▶ WHAT NEEDS TO BE DONE: For this exercise, restate word for word only the lines from the first line of the data to the line containing "Pierced Co Classic".

▶ PROVIDED RECORDS:
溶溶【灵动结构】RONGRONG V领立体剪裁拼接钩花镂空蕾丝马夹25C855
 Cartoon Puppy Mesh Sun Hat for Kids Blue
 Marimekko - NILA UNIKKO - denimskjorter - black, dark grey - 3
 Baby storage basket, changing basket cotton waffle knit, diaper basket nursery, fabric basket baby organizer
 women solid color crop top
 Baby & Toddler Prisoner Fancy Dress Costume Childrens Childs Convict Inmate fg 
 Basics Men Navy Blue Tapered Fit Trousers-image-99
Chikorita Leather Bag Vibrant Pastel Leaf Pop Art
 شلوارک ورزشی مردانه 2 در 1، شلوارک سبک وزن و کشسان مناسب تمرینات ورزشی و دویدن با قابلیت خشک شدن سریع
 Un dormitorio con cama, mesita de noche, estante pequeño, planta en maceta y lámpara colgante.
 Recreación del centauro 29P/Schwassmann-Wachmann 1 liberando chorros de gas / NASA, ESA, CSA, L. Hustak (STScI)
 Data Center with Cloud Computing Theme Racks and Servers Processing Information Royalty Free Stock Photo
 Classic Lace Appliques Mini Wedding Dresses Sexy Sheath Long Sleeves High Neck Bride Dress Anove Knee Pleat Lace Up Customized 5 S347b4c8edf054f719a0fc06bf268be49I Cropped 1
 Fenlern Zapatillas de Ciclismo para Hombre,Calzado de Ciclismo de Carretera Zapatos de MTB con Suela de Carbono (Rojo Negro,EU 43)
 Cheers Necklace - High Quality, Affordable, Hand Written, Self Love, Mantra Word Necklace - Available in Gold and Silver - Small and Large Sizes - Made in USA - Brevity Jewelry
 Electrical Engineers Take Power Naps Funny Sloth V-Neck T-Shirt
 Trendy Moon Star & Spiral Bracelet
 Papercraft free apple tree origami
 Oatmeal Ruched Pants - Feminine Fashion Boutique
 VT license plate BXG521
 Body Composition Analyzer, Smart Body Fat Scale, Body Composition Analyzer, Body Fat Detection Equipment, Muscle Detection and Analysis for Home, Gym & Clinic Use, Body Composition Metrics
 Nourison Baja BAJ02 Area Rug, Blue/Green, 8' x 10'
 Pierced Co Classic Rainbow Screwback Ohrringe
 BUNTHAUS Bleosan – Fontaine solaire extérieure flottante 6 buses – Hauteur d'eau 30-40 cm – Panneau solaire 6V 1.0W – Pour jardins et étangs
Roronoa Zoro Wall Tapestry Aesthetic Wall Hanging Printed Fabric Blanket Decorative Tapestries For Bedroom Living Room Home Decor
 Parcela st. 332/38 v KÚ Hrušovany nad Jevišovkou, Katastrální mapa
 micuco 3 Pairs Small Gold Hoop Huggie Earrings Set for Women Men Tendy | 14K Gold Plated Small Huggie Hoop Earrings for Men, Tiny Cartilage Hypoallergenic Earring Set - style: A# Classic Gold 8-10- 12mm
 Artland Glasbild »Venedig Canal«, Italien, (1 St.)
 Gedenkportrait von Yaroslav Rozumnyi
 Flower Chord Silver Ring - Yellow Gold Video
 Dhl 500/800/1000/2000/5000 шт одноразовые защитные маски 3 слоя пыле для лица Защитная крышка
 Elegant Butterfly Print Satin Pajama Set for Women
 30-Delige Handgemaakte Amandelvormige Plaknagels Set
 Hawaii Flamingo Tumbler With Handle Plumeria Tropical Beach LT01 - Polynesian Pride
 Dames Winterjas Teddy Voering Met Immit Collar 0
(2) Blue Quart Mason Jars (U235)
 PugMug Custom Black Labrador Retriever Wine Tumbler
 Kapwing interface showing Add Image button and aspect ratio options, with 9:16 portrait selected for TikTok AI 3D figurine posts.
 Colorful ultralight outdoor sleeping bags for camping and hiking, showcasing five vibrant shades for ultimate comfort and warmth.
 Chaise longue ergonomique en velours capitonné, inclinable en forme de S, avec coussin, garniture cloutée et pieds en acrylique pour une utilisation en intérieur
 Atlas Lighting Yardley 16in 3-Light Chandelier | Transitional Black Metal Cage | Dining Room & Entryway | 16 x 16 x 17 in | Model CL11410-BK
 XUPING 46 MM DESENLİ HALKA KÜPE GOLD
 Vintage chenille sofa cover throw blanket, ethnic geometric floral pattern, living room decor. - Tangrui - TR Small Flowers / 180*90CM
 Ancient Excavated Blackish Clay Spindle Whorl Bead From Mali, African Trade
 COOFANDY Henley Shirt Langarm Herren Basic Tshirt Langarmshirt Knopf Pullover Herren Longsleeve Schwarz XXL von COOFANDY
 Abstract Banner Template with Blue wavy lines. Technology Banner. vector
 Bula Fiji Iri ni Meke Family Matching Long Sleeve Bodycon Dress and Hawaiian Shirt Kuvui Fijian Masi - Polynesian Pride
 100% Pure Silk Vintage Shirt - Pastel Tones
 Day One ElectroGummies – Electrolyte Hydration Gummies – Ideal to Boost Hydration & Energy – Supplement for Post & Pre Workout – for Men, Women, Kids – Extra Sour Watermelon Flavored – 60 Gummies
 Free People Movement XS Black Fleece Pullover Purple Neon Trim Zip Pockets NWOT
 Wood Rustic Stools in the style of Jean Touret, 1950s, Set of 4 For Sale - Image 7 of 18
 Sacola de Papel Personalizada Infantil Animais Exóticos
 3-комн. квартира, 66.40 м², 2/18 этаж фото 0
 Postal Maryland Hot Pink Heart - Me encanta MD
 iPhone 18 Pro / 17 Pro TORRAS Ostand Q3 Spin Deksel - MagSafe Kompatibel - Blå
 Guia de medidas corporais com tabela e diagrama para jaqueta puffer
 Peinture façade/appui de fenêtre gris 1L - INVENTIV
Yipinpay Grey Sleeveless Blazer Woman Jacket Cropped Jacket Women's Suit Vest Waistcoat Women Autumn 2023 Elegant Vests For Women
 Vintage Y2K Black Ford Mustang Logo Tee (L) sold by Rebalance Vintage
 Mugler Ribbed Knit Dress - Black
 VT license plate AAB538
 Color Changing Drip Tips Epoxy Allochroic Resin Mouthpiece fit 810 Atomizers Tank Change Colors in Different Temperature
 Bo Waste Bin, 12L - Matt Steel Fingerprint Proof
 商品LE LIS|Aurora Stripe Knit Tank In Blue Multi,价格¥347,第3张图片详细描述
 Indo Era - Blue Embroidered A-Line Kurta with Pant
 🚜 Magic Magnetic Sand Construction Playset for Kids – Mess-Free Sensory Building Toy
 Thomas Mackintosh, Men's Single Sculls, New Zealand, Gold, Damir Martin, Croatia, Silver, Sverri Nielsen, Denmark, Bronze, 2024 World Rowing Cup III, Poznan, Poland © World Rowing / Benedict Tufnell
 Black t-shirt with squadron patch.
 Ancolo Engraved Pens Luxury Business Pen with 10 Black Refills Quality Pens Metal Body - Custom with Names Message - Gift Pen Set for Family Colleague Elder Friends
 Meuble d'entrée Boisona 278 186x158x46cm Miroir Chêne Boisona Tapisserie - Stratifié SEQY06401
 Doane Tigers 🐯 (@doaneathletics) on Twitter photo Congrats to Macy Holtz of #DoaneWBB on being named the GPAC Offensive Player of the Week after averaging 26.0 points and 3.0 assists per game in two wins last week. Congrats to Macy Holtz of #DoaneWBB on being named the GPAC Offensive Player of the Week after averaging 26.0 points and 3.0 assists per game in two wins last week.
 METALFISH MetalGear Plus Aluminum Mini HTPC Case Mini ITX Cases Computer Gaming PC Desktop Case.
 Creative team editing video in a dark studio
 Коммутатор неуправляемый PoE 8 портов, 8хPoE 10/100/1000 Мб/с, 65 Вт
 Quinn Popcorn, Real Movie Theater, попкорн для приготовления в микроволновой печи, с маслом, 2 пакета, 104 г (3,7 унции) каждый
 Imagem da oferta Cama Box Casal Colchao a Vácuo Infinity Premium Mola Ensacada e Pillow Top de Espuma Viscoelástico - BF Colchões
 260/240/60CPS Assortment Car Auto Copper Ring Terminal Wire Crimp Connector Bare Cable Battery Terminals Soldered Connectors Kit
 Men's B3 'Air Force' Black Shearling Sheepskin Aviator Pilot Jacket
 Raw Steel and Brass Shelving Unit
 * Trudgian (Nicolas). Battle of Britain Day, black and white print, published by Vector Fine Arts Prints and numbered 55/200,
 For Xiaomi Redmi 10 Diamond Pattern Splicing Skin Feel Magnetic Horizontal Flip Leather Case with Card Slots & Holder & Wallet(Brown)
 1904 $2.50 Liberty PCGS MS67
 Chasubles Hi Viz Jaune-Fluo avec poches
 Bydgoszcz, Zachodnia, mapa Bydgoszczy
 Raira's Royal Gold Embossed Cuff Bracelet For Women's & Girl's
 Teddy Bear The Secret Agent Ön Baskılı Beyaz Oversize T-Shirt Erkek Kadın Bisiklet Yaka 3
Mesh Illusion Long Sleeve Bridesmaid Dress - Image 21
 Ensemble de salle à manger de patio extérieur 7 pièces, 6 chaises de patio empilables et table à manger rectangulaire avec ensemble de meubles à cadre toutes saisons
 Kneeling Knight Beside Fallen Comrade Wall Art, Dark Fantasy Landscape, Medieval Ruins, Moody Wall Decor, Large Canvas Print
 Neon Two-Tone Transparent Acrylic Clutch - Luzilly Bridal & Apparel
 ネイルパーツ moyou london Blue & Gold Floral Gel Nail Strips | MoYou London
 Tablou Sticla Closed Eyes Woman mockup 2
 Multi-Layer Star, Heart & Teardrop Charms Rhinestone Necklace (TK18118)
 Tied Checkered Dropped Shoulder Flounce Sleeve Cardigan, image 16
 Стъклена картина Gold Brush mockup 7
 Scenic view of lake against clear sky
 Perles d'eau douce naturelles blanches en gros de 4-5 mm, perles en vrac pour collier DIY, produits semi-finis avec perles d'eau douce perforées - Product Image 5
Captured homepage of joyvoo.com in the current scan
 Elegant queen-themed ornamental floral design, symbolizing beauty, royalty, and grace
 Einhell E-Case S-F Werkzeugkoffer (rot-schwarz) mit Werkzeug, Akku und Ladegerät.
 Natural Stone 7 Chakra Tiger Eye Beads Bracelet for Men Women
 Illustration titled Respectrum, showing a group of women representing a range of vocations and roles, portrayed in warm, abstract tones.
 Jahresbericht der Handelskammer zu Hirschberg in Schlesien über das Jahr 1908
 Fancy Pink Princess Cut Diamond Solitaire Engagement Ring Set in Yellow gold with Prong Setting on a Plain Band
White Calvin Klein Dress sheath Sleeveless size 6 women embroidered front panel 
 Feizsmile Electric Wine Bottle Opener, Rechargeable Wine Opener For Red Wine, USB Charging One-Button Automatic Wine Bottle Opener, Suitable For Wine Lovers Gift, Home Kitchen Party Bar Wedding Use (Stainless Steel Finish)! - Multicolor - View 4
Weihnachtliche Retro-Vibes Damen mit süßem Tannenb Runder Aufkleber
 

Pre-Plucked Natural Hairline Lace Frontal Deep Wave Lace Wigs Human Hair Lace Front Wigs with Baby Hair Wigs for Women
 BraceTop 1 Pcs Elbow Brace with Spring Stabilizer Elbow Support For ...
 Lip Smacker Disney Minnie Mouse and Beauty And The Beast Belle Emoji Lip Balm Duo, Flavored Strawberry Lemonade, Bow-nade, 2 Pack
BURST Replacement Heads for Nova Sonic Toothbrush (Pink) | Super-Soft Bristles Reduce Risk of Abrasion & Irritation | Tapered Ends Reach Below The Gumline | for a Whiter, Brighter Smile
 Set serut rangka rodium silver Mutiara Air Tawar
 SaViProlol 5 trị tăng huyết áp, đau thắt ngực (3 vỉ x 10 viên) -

▶ RESPONSE TO THE TASK:
溶溶【灵动结构】RONGRONG V领立体剪裁拼接钩花镂空蕾丝马夹25C855
 Cartoon Puppy Mesh Sun Hat for Kids Blue
 Marimekko - NILA UNIKKO - denimskjorter - black, dark grey - 3
 Baby storage basket, changing basket cotton waffle knit, diaper basket nursery, fabric basket baby organizer
 women solid color crop top
 Baby & Toddler Prisoner Fancy Dress Costume Childrens Childs Convict Inmate fg 
 Basics Men Navy Blue Tapered Fit Trousers-image-99
Chikorita Leather Bag Vibrant Pastel Leaf Pop Art
 شلوارک ورزشی مردانه 2 در 1، شلوارک سبک وزن و کشسان مناسب تمرینات ورزشی و دویدن با قابلیت خشک شدن سریع
 Un dormitorio con cama, mesita de noche, estante pequeño, planta en maceta y lámpara colgante.
 Recreación del centauro 29P/Schwassmann-Wachmann 1 liberando chorros de gas / NASA, ESA, CSA, L. Hustak (STScI)
 Data Center with Cloud Computing Theme Racks and Servers Processing Information Royalty Free Stock Photo
 Classic Lace Appliques Mini Wedding Dresses Sexy Sheath Long Sleeves High Neck Bride Dress Anove Knee Pleat Lace Up Customized 5 S347b4c8edf054f719a0fc06bf268be49I Cropped 1
 Fenlern Zapatillas de Ciclismo para Hombre,Calzado de Ciclismo de Carretera Zapatos de MTB con Suela de Carbono (Rojo Negro,EU 43)
 Cheers Necklace - High Quality, Affordable, Hand Written, Self Love, Mantra Word Necklace - Available in Gold and Silver - Small and Large Sizes - Made in USA - Brevity Jewelry
 Electrical Engineers Take Power Naps Funny Sloth V-Neck T-Shirt
 Trendy Moon Star & Spiral Bracelet
 Papercraft free apple tree origami
 Oatmeal Ruched Pants - Feminine Fashion Boutique
 VT license plate BXG521
 Body Composition Analyzer, Smart Body Fat Scale, Body Composition Analyzer, Body Fat Detection Equipment, Muscle Detection and Analysis for Home, Gym & Clinic Use, Body Composition Metrics
 Nourison Baja BAJ02 Area Rug, Blue/Green, 8' x 10'
 Pierced Co Classic Rainbow Screwback Ohrringe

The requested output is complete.